As the old saying goes, a picture is worth a thousand words – so in this day of digital photography and camera phones, many of us have the equivalent of millions of words right at our fingertips.
While the technology behind high-quality split-second photos has jumped by leaps and bounds in recent decades, photography itself has a much longer history.
The first photograph was taken nearly 200 years ago by a Frenchman capturing an image of nature. The first commercial photo process, the daguerrotype, flashed into view in 1839 – the same year that the first “selfie” was taken. The first photograph of the moon was taken in 1840, more than 100 years before the first close-up of Earth’s satellite taken from orbit, while the first aerial image was snapped more than 150 years before drones took to the air. While color photographs were relatively rare prior to the 1970s, the first color photo – of a tartan ribbon – dates back a century and a half.

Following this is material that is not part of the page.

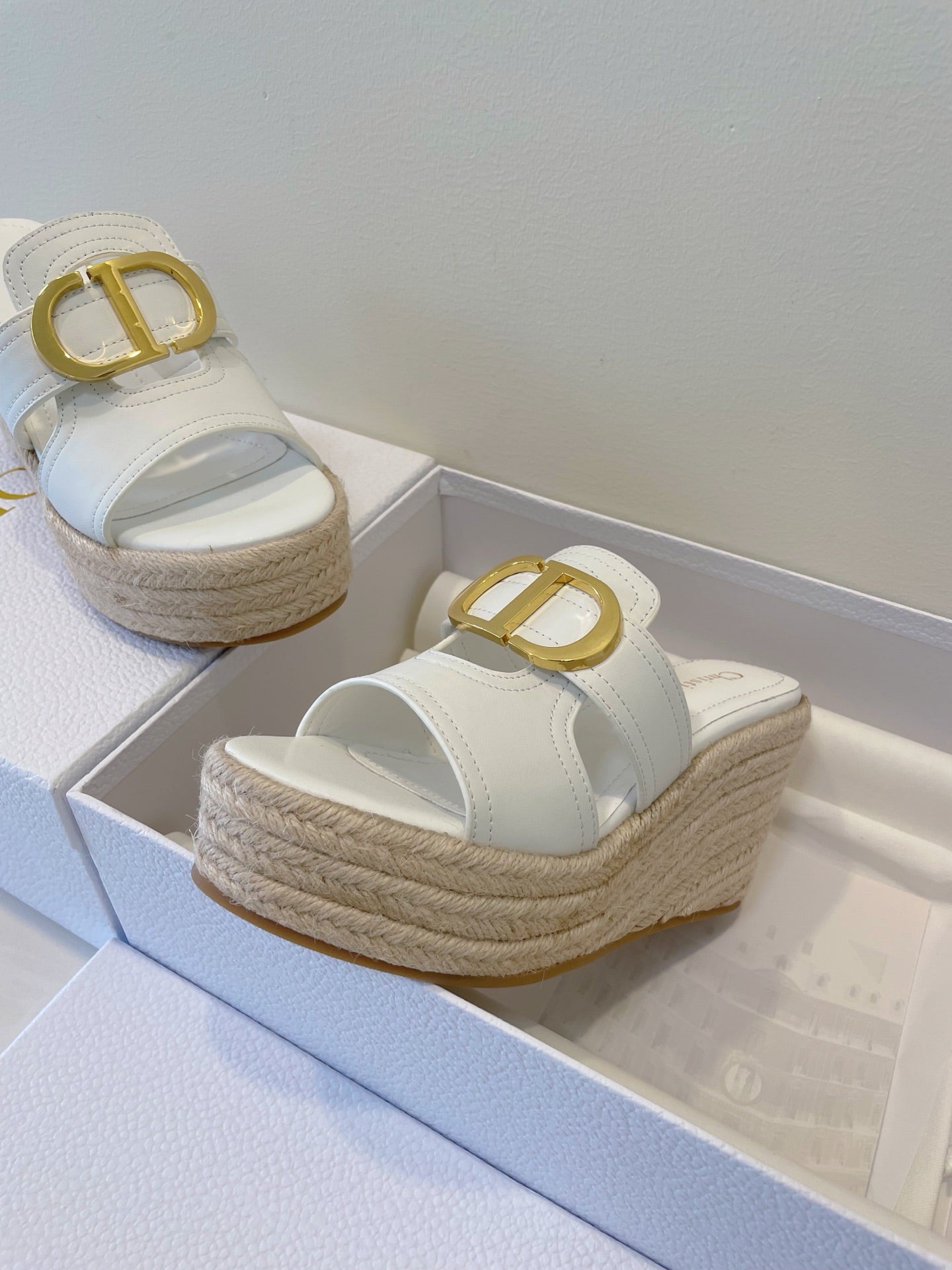 DIOR MONTAIGNE WEDGE SLIDE 95MM IN WHITE CALFSKIN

The first digital camera, invented in 1975 by an Eastman Kodak employee, weighed in at a whopping eight pounds. Today most smartphones are equipped with high-resolution cameras that snap photos instantaneously, slip easily into a pocket and can easily store thousands of images, which are quickly sortable into albums and available for viewing – or sharing with loved ones via text, email or social media – with the click of a button. It’s no wonder that 85% of images are taken with smartphones, and 86% of Americans take camera quality into account when deciding which phone to buy. We’re a long way from snapping rolls and rolls of film on vacation and then waiting excitedly for the drugstore to develop them to discover how many actually turned out!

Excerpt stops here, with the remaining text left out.